About this exercise: Print nothing but the lines below starting at the line that holds "अधिकतम सदस्यता दिवस" and ending at the line that holds "Aparthotel Residenza La", including both, each exactly as written.

Material for this task:
::::
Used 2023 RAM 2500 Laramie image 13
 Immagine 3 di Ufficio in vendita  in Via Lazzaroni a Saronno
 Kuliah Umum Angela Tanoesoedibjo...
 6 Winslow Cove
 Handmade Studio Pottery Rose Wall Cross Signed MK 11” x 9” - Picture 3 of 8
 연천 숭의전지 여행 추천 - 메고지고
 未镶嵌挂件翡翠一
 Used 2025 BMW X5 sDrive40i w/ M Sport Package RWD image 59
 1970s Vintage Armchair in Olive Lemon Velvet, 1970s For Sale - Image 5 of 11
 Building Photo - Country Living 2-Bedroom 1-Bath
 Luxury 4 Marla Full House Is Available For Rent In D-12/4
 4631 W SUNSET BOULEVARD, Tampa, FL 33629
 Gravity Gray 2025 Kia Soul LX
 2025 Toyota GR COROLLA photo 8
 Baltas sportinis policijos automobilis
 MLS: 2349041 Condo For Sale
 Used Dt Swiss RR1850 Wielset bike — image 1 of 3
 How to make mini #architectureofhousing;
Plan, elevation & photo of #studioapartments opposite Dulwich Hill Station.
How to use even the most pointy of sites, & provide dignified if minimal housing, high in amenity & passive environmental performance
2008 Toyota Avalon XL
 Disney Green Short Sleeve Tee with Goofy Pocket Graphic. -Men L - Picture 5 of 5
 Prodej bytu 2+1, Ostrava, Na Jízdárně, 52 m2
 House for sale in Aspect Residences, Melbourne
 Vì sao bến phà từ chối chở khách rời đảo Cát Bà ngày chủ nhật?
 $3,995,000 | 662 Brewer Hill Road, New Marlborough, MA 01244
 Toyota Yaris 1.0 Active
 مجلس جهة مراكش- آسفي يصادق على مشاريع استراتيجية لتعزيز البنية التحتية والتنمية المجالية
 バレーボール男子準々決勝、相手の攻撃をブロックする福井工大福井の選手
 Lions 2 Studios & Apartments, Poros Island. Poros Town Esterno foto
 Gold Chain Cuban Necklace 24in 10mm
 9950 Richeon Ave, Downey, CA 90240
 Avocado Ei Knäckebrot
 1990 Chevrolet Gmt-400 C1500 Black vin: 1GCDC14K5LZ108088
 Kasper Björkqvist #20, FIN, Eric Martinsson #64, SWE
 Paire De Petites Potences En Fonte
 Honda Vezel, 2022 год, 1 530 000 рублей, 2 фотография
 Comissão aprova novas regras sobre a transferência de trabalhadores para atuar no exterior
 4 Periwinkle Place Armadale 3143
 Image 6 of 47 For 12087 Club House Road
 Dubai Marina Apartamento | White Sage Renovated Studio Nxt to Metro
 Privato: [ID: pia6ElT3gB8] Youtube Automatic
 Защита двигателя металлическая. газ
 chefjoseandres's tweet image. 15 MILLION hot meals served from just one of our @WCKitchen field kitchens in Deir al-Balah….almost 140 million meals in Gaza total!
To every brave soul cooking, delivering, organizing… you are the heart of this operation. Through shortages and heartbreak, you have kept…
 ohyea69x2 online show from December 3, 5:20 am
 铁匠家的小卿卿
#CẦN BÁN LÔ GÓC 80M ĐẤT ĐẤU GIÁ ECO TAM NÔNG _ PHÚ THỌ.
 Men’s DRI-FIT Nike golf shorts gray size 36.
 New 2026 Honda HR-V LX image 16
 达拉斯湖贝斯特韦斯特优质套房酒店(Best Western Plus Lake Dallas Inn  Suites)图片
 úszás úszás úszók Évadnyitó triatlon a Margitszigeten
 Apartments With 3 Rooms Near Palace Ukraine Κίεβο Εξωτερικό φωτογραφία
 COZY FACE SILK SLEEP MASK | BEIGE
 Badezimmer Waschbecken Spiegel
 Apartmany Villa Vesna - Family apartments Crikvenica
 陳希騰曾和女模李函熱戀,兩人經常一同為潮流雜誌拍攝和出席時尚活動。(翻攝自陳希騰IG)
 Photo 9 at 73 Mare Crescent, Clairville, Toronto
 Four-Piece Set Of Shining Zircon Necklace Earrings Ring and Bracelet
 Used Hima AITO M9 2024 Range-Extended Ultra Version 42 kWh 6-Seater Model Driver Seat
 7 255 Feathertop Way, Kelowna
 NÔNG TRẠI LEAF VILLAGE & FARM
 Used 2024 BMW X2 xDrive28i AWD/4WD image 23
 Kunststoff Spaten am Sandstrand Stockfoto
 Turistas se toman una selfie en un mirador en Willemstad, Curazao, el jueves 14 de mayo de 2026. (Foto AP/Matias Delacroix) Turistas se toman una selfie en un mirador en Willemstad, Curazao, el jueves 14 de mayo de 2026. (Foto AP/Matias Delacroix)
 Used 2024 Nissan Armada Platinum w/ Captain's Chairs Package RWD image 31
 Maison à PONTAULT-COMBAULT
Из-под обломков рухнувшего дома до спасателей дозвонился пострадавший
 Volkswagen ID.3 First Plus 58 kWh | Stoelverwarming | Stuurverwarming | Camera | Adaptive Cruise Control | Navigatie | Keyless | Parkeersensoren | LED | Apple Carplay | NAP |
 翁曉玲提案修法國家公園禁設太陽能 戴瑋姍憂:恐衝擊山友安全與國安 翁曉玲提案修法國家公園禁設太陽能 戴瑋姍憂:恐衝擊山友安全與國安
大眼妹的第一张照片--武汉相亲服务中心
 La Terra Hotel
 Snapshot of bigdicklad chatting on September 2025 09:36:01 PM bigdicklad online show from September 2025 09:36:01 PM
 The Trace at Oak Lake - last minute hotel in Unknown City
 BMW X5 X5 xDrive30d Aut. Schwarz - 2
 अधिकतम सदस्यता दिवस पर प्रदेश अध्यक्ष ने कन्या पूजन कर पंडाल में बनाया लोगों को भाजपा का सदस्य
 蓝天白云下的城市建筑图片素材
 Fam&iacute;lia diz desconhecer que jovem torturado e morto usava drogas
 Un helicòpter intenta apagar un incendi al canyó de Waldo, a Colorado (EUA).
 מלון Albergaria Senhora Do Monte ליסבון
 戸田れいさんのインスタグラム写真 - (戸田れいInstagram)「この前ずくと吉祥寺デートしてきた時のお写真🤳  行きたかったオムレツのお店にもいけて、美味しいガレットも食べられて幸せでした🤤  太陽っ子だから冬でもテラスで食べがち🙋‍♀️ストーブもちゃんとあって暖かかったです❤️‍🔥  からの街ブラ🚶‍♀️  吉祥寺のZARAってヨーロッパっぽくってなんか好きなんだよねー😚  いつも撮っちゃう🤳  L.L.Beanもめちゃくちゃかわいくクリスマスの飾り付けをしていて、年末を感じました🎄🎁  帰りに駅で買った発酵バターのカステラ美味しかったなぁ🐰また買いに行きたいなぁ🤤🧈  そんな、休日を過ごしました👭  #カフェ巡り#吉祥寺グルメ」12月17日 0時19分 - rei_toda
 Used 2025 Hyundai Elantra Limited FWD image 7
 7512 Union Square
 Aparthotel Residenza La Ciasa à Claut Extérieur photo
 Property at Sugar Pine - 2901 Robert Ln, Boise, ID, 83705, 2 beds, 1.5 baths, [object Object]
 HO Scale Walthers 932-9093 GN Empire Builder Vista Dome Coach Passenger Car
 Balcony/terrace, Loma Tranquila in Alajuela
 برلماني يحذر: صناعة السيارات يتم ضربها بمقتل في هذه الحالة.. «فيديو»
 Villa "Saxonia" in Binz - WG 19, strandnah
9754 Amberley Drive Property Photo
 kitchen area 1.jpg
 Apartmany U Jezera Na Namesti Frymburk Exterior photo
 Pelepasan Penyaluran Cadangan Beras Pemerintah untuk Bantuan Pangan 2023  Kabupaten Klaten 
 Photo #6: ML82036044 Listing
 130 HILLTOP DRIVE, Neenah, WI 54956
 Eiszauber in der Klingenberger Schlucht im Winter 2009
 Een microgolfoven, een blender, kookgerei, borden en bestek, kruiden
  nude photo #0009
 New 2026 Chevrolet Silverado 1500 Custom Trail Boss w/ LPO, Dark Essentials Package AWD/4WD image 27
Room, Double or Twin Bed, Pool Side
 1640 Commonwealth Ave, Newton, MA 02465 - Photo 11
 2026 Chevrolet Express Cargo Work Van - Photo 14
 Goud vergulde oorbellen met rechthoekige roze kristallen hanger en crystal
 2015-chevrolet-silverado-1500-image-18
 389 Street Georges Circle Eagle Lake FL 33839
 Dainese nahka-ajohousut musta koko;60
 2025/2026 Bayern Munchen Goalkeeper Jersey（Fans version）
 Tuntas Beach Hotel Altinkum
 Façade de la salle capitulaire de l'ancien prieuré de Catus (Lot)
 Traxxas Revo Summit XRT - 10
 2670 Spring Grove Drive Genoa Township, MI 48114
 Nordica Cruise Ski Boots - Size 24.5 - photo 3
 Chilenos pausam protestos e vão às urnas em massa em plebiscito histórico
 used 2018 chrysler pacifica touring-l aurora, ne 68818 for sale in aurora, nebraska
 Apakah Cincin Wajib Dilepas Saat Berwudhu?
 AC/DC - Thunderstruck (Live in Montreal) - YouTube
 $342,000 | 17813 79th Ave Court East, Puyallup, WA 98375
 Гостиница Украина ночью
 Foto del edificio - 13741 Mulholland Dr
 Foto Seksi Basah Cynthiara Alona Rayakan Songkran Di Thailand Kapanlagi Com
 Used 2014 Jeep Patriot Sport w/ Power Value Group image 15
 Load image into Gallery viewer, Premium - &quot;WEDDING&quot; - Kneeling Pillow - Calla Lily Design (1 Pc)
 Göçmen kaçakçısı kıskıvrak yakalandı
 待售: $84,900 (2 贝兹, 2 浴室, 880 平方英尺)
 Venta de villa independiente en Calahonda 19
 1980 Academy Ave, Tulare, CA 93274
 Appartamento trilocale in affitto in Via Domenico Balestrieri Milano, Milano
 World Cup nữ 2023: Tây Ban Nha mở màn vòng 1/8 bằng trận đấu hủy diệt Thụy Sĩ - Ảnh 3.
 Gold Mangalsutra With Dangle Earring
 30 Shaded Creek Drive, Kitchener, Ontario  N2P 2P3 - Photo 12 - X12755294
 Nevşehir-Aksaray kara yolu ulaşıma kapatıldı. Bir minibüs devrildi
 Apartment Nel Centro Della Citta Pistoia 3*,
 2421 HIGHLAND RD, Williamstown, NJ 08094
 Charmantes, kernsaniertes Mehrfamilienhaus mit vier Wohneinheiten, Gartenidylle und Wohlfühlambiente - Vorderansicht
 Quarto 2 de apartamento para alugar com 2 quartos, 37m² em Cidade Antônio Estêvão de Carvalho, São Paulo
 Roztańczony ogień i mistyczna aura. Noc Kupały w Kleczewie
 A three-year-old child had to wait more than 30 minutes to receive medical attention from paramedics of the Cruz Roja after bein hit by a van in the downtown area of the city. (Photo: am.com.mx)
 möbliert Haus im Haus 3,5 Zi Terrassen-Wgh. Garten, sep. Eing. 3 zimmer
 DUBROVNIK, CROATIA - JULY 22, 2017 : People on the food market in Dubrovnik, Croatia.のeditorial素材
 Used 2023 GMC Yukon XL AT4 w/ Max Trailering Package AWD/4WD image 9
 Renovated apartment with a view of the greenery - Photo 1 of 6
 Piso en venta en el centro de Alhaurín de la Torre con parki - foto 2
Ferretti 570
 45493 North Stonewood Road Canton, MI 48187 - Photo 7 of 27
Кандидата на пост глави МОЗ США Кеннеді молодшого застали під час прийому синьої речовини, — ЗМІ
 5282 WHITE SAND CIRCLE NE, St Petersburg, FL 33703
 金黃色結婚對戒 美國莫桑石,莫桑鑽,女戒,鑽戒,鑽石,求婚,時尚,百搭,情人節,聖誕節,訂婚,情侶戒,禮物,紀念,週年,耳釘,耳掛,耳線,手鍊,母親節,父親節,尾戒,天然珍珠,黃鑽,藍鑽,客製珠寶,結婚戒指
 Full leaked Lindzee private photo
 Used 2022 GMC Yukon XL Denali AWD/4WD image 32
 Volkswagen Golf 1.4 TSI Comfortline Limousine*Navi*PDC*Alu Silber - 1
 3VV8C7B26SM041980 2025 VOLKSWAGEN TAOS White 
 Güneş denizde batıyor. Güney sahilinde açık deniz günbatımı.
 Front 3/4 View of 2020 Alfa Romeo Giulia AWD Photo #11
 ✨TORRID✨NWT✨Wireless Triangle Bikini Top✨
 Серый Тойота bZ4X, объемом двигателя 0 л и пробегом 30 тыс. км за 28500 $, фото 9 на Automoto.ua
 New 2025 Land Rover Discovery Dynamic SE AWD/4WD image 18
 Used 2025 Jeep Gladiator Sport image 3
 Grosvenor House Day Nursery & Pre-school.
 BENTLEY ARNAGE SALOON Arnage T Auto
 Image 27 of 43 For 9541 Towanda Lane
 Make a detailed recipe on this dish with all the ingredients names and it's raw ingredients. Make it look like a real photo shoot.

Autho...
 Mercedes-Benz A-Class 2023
::::
The answer:
 अधिकतम सदस्यता दिवस पर प्रदेश अध्यक्ष ने कन्या पूजन कर पंडाल में बनाया लोगों को भाजपा का सदस्य
 蓝天白云下的城市建筑图片素材
 Fam&iacute;lia diz desconhecer que jovem torturado e morto usava drogas
 Un helicòpter intenta apagar un incendi al canyó de Waldo, a Colorado (EUA).
 מלון Albergaria Senhora Do Monte ליסבון
 戸田れいさんのインスタグラム写真 - (戸田れいInstagram)「この前ずくと吉祥寺デートしてきた時のお写真🤳  行きたかったオムレツのお店にもいけて、美味しいガレットも食べられて幸せでした🤤  太陽っ子だから冬でもテラスで食べがち🙋‍♀️ストーブもちゃんとあって暖かかったです❤️‍🔥  からの街ブラ🚶‍♀️  吉祥寺のZARAってヨーロッパっぽくってなんか好きなんだよねー😚  いつも撮っちゃう🤳  L.L.Beanもめちゃくちゃかわいくクリスマスの飾り付けをしていて、年末を感じました🎄🎁  帰りに駅で買った発酵バターのカステラ美味しかったなぁ🐰また買いに行きたいなぁ🤤🧈  そんな、休日を過ごしました👭  #カフェ巡り#吉祥寺グルメ」12月17日 0時19分 - rei_toda
 Used 2025 Hyundai Elantra Limited FWD image 7
 7512 Union Square
 Aparthotel Residenza La Ciasa à Claut Extérieur photo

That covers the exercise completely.